Recognition for Excellence Handbook - Cooperation
Cooperation Overview
Many falsely believe that the United States was built on competition. From coast to coast, graveyards are filled with tombstones from the early settlers who tried to go it alone and failed. American history has many examples of people working together cooperatively to establish our country. Examples include beginning colonies, wagon train pioneers, the Underground Railroad, the Cooperative Extension Service, total quality circles, and today’s community coalitions that are reclaiming their neighborhoods from crime.
Cooperation is also highly valued in other cultures. From the kibbutz in Israel to the Mixtecans of Mexico, cooperation is prized and competition is mostly avoided. Cultures in which competition is virtually unknown include the North American Zuni and Iroquois and the Bathonga in South Africa.
From its early beginnings, 4-H has encouraged young people to work together to learn. Today, cooperation is receiving added emphasis as an appropriate teaching method to help young people develop life skills for today’s society.
Goal Structures
Public and private school educators have been advocating cooperative learning as a viable concept to enhance classroom instruction. To accomplish learning goals, a teacher organizes or structures learning experiences to achieve desired goals, i.e. they develop a goal structure. Teachers can structure their classroom in three ways:
- cooperatively,
- competitively,
- individualistically
David W. Johnson and Roger T. Johnson in their book, Learning Together and Alone (1994), identified cooperation as the appropriate goal structure for most instructional situations. They emphasize that the greatest need is for learners to be able to learn in a carefully planned cooperative goal structure that becomes the essential framework on which competitive and individualized learning is added.
They emphasized that successful learning experiences are first based on cooperation and only then competition may be introduced. Learning to work together, getting to know each other, sharing in successes, and developing collaborative skills are essential for ensuring that competition will produce positive results. Johnson and Johnson used 80 of their own research studies as well as data from 150 other research studies as a base for their highly regarded work.

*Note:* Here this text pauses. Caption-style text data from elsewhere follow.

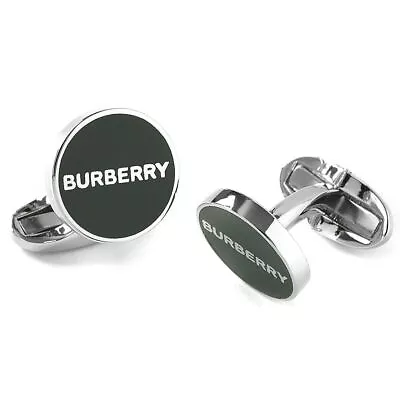 BURBERRY Cuff Button Cufflinks PALLADIO Round Logo Detail Green X Silver NEW • $394.77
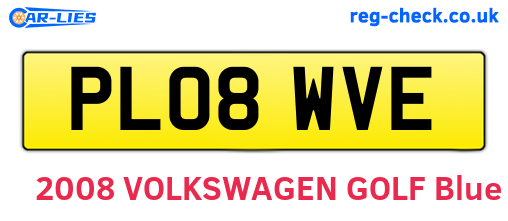 PL08WVE are the vehicle registration plates.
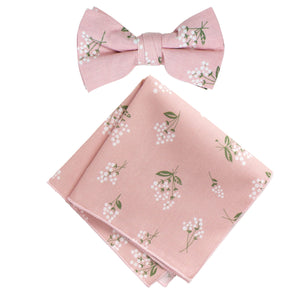 Boy's Cotton Floral Print Bow Tie and Pocket Square Set, Blush Pink (Color F13)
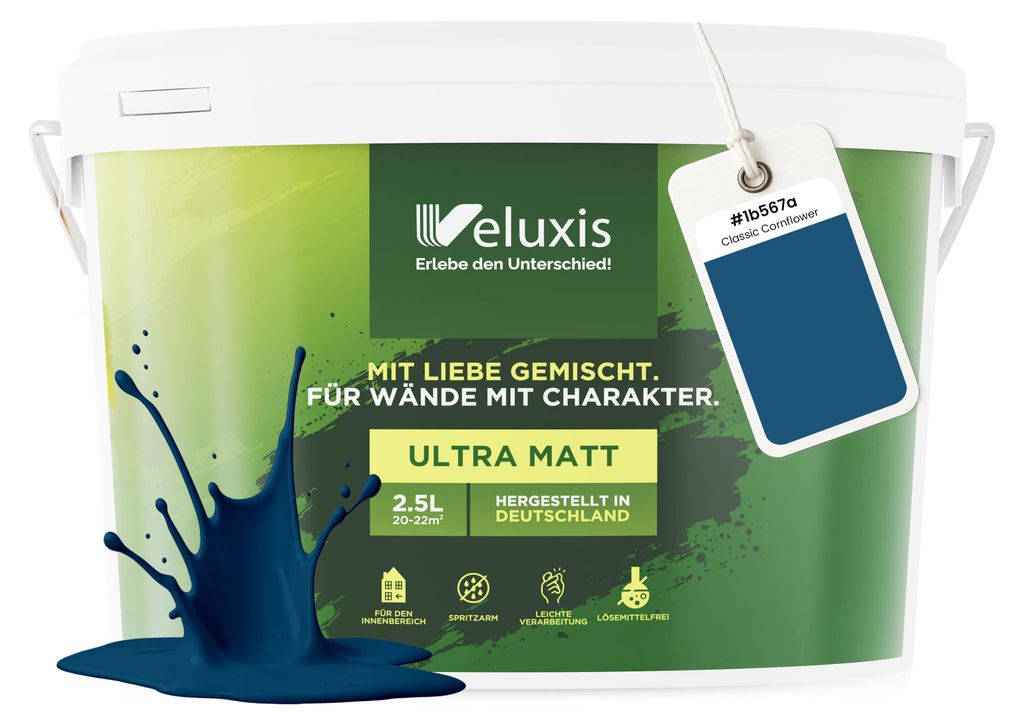 Wandfarbe Blau Petrol Anthrazit Matt Innenfarbe – Deckkraft Produktbild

Cooperative, competitive, and individualistic approaches to learning are appropriate depending upon the specific goals and objectives. Johnson and Johnson said, “We aren’t against competition (although the literature and research on competition are damaging to its reputation). We are against inappropriate competition…” To add, “inappropriate competition does not increase motivation – it skills it.” They support the idea that achievement is the product of many people working together regardless of how much it appears to be a singular effort. They also said, “The research clearly demonstrated that cooperation is more facilitative of motivated effort and achievement than is competition.”
Summary
Studies of nearly 200 youth, aged 8-10, concluded that, “Enhancement of self at the expense of others is learned in competitive environments; enhancement of self and others is learned in cooperative environments; and enhancement of self with neither enhancement nor abuse of others is learned in an individualistic learning environment. (Bryant)

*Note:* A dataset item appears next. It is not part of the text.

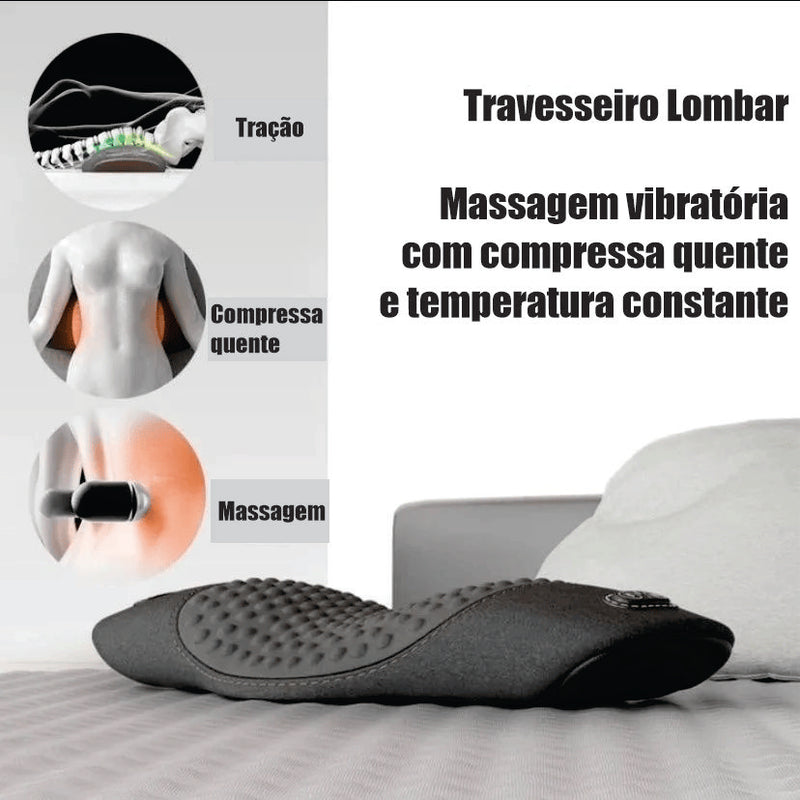 Alivio del dolor de espalda: almohada masajeadora con calefacción y soporte lumbar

In a summary of nearly 40 of Johnson and Johnson’s studies, it was fount that students in cooperative classrooms liked each other better; socialized during free time; had a higher regard for the school, subject matter studied, and teachers; and had more confidence in themselves (Kohn, ).

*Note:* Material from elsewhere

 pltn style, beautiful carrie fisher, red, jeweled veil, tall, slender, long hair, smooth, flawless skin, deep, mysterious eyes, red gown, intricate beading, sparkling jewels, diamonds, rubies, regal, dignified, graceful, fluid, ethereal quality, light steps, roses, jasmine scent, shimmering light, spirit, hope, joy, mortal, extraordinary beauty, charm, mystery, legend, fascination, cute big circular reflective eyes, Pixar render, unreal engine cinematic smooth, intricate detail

Sufficient evidence is available to identify the following conclusions for 4-H.
- The three goal structures, cooperative, competitive, and individualistic, offer a range of appropriate strategies for 4-H learning experiences.
- Learning experiences should first use cooperative goal structures before introducing competitive and individualistic learning activities.
Questions to Think About
- What is the ration of cooperative, competitive, and individual learning experiences
in 4-H? - How do you recognize excellence for learning cooperatively?
- What needs to be done to increase the use of cooperation in 4-H?